Blue Sargent is the daughter of the town psychic, and has grown up knowing that she'll kill her true love if / when she kisses him. For this reason she has abjured love and boys, especially 'raven boys' -- pupils at the exclusive Aglionby Academy. Blue herself has no psychic powers, but the women she grew up with (her mother Maura, plus Calla and Persephone) most definitely do have power, and Blue acts as an amplifier. This brings her to a ruined church and a vigil for the spirits of those who will die in the year ahead -- and Blue sees her first spirit.

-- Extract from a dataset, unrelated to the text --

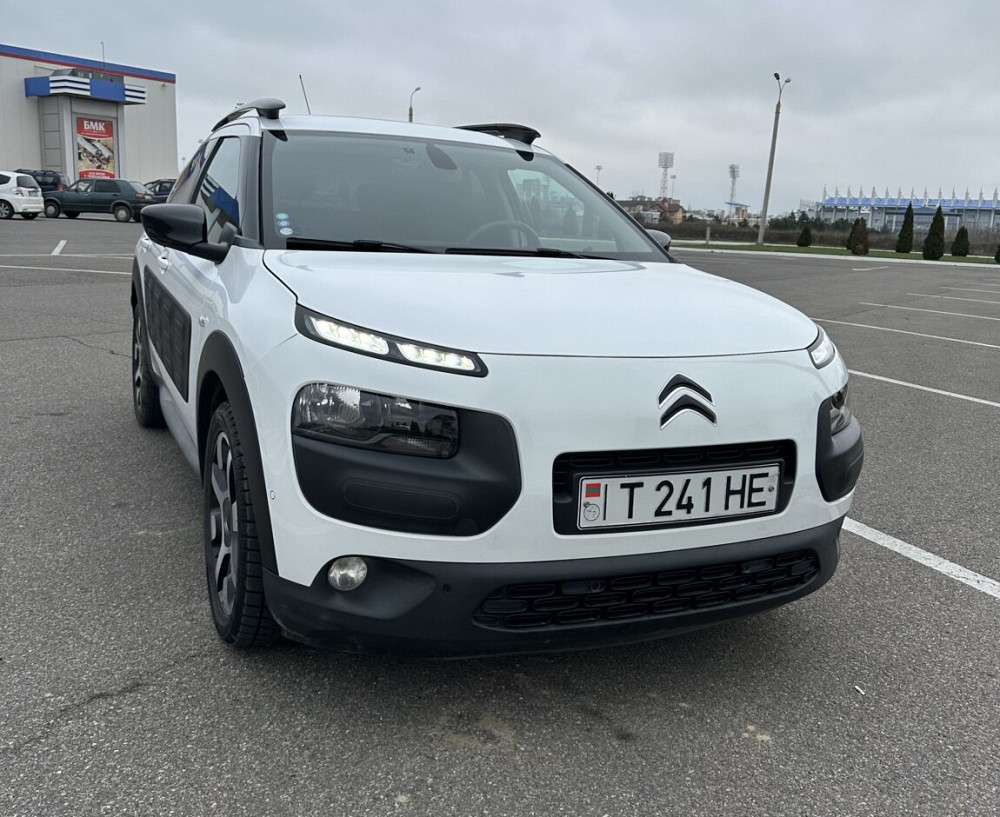 Citroen C4 2016 год Тирасполь Тирасполь - изображение 3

Turns out it's a Raven Boy: the couth and handsome Richard Gansey III (known as just Gansey). He and his friends, Adam and Ronan and Noah, at first seem like typical Aglionby pupils: rich, privileged, arrogant and loud. But as Blue gets to know them better (and vice versa) their personalities emerge. Adam is far from rich, working three jobs to pay his tuition and struggling with a difficult home life. Ronan has a taste for road racing and bad language -- he's got worse, apparently, since his father was murdered -- but he also has a pet fledgling (a raven, of course). Noah ... well, Noah's a bit vague. (Actually this is not true. Noah is perfectly truthful and open. It's just that nobody listens.) And Gansey -- who survived, or was brought back after, a lethal hornet attack seven years before -- is convinced that somewhere in the lush Virginia countryside lies the tomb of Owen Glendower, who will grant a favour to the person who finds and wakes him.
I think the charm of this book, for me, was in the way that the relationships between the characters (teenaged and adult) were developed. I liked Maura and Calla's no-nonsense approach to their predictions; the various systems of magic in play; the slow revelation of the characters' pasts ... It's also a really interesting angle on class in America, a phenomenon about which I know little except that it's different to class in the UK.
I should note that I read all four books in the series in rapid succession. This first volume feels like Gansey's story, and Noah's. And with hindsight I wonder if Gansey is a kind of father figure to the others. He's mature for his age: he's been surprisingly independent for the last few years, travelling the world in search of the mystical and hidden. The others have absent fathers (emotionally rather than literally in Adam's case): they look to Gansey as their leader, though he knows he needs them as much as they need him.
I'd bounced off the sample chapters, for some reason, but once I engaged with The Raven Boys I read it in one sitting, and promptly ordered the next one. Review soon!